La vicenda è particolarmente interessante perché, al di là della rilevanza ‘interna’ e riguardante espressamente datore di lavoro e dati personali dei dipendenti ‘controllati’, ha permesso al Garante di ribadire nuovamente che:

l’utilizzo di tali dati non è consentito perché non esiste nessuna norma di legge che al momento attuale preveda l’utilizzo del dato biometrico per la rilevazione delle presenze. Pertanto, l’Autorità ha ricordato che neanche il consenso manifestato dai dipendenti può essere considerato idoneo presupposto di liceità, per l’asimmetria tra le rispettive parti del rapporto di lavoro.

D’altronde la linea dominante in Ue è quella della forte limitazione a questo genere di controlli tecnologici. Come segnalato da Euronews alcuni mesi fa l’Ai Act, il regolamento comunitario sull’intelligenza artificiale concordato a Bruxelles, ha circoscritto l’utilizzo del riconoscimento facciale a contesti molto specifici e, in particolare, alla repressione dei reati.

Per quanto qui interessa, le violazioni da parte della società concessionaria attenevano sia all’utilizzo dei dati biometrici di rilevazione delle presenze, sia alla raccolta di dati poi inviati alla casa madre e – in specifico riferimento a questi ultimi – il Garante aveva altresì rimarcato che la relativa attività si era svolta in totale assenza di:

  • un’idonea base giuridica di legittimazione;
  • un’adeguata informativa la quale, nel quadro del rapporto di lavoro, è espressione di quel principio di correttezza e trasparenza che contribuisce a mantenere un clima di fiducia tra azienda e lavoratore.

In ragione di ciò l’Autorità ha imposto:

  • il pagamento di una sanzione pecuniaria pari a 120mila euro;
  • di conformare il trattamento dei dati effettuato, mediante il software gestionale, alle attuali disposizioni della normativa privacy, di rilievo sia interno che comunitario (regolamento Gdpr).

Rilevazione presenze dipendenti, qual è la situazione in Italia

Contabilizzare le effettive ore di lavoro prestate e verificare la presenza dei lavoratori sul luogo di lavoro, è certamente un diritto delle aziende e dei datori di lavoro, che a seguito delle prestazioni dei propri dipendenti, sono tenuti al versamento dello stipendio e al pagamento dei contributi.

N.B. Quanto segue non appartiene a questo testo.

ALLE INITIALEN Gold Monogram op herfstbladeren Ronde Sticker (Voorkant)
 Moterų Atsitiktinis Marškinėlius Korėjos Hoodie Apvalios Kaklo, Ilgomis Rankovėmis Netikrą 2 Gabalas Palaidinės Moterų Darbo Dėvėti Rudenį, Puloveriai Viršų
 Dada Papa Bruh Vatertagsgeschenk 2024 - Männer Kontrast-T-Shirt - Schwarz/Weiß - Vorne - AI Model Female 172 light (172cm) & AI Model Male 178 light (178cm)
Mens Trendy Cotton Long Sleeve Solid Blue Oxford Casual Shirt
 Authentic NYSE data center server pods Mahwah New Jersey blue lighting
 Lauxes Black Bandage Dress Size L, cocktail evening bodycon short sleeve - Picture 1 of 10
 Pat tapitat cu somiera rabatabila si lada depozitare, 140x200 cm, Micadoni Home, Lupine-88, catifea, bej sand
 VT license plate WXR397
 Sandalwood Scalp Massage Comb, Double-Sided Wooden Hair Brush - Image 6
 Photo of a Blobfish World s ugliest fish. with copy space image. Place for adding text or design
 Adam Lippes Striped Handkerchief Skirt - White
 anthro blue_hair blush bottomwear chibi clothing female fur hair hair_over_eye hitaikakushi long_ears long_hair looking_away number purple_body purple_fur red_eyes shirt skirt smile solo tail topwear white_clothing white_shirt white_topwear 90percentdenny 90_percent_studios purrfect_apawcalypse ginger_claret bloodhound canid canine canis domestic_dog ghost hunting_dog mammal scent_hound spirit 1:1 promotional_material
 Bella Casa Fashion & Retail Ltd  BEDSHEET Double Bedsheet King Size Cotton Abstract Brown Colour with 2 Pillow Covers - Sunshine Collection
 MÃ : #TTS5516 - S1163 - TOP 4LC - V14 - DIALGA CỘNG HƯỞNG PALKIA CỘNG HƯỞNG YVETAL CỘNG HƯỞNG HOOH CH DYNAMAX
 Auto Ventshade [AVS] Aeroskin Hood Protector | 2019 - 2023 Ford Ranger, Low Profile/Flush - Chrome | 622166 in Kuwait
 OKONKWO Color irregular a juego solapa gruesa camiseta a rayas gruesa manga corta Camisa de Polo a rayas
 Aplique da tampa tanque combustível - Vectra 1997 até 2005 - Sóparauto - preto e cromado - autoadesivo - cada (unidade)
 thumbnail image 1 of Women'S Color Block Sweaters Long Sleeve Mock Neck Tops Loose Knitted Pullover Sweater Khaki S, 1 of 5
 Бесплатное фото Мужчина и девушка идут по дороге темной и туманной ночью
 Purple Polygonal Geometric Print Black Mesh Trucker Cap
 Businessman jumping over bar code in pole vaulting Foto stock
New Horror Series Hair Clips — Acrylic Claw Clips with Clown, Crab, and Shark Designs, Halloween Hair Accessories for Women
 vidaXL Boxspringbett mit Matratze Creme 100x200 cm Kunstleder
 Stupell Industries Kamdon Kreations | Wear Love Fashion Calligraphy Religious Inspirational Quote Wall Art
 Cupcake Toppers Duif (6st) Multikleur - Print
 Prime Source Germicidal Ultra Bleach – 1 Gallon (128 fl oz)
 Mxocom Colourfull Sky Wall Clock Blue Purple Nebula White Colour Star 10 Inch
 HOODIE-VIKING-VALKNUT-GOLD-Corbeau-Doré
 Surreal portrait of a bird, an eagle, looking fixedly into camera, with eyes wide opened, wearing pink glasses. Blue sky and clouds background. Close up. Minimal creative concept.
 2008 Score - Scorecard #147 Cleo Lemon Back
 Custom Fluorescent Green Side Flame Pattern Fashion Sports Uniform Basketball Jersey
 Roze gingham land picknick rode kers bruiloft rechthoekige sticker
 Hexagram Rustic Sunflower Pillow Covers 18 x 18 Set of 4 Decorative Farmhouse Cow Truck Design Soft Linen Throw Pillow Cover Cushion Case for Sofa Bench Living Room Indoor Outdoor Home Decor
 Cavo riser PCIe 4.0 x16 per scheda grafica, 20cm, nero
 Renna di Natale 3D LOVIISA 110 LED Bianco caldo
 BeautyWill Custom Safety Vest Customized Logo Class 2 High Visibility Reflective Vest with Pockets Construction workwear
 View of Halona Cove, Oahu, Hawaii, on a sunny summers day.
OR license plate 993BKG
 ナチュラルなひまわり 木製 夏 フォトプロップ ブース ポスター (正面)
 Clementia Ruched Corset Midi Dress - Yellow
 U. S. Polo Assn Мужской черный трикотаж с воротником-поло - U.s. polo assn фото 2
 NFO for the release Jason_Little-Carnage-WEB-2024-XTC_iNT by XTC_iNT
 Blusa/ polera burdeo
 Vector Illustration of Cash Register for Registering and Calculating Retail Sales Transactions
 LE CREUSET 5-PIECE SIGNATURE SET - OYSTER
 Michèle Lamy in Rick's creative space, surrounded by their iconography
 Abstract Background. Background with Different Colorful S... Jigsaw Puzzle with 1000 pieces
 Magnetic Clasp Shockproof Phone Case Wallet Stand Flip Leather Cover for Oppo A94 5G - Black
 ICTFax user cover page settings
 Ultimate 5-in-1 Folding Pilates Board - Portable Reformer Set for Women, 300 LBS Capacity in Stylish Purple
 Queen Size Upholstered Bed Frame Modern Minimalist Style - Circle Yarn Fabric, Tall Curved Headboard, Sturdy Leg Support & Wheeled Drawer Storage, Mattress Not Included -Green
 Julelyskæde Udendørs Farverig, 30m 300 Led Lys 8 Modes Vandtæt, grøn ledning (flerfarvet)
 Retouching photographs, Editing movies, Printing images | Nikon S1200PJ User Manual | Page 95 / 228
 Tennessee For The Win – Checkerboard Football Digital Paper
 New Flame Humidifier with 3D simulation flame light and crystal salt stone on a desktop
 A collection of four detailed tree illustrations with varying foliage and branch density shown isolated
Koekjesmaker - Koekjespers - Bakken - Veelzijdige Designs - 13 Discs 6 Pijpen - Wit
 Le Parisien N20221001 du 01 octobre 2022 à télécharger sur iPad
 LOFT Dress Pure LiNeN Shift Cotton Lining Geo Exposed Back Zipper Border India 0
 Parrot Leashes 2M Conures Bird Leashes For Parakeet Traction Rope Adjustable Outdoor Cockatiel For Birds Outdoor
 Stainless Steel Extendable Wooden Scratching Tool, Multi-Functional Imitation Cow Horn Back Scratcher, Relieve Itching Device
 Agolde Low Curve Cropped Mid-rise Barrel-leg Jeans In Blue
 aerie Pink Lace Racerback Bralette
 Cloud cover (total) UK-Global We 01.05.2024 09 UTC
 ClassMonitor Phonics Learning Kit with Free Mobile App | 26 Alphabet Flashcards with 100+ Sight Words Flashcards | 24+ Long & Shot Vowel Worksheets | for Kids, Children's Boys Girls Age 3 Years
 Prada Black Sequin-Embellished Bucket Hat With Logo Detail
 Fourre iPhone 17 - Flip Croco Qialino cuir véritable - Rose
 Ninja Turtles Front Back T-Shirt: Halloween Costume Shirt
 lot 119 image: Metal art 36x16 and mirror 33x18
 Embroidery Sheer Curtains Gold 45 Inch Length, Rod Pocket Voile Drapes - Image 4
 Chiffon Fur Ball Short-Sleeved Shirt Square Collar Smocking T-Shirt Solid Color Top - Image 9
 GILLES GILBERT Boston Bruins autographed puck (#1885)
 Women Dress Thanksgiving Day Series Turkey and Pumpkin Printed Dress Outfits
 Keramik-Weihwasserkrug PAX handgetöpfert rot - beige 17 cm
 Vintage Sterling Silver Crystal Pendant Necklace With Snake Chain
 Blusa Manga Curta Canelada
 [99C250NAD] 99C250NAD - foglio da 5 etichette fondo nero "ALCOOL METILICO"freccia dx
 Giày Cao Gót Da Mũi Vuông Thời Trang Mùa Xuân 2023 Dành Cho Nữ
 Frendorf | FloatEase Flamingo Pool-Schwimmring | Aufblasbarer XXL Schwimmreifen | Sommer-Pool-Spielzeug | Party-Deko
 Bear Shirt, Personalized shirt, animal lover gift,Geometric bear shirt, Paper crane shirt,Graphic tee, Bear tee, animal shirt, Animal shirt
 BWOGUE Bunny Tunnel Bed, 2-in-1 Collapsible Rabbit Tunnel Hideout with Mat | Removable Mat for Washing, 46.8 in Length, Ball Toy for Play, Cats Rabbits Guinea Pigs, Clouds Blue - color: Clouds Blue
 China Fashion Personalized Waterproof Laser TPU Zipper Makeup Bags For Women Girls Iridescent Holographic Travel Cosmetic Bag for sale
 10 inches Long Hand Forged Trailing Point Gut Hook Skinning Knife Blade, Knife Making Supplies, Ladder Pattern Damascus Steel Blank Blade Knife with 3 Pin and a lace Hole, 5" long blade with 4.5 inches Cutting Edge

Tuttavia come già ricordato nel recente passato dallo stesso Garante Privacy nel proprio sito web ufficiale, il ricorso al riconoscimento facciale non è soltanto vietato, ma altresì facilmente sostituibile da altri strumenti – egualmente utili allo scopo – ma molto meno invasivi per i diritti degli interessati e delle interessate.

Ci si riferisce sostanzialmente:

  • alla verifica diretta mediante un addetto supervisore;
  • all’utilizzo di classici fogli firma o fogli presenze;
  • ai controlli mediante timbratrici o badge magnetici e con tecnologia Rfid (con tornelli);
  • ai software di gestione o rilevazione delle presenze;
  • ai rilevatori gps tramite dispositivi e app ad hoc (per i lavoratori che operano fuori sede)

Da notare che il Jobs Act ha dato un sostanziale via libera agli strumenti di registrazione degli accessi e delle presenze, denominati badge. L’utilizzo però è pienamente legale soltanto se è stata data al dipendente una previa ed adeguata informazione circa le modalità d’uso degli strumenti stessi e l’effettuazione dei controlli, e se è stata rispettata la normativa privacy. In particolare il trattamento dei dati personali dovrà compiersi nei limiti degli scopi perseguiti.

Si possono usare le impronte digitali per il controllo delle presenze?

Infine, vediamo insieme una questione accessoria a quanto abbiamo considerato finora. In base ad un’ordinanza della Cassazione, la n. 13873 pubblicata nel maggio dello scorso anno, l’uso della rilevazione biometrica per verificare le presenze al lavoro è ritenuto illegittimo se non viene ottenuto un consenso specifico da parte dei lavoratori subordinati.

Questi ultimi debbono dunque essere previamente e dettagliatamente informati sull’utilizzo dello strumento di rilevazione presenze tramite impronte digitali. D’altronde è lo stesso Codice Privacy – come pure il Gdpr – ad imporre la necessità di un consenso apposito.

Infine, ricordiamo che l’azienda o datore di lavoro, per non rischiare la sanzione del Garante, dovrà non soltanto ottenere il consenso del personale, ma dovrà trattare informazioni e dati personali per il mero fine del controllo presenze. Solo a ciò l’uso sarà circoscrivibile senza rischi sanzionatori.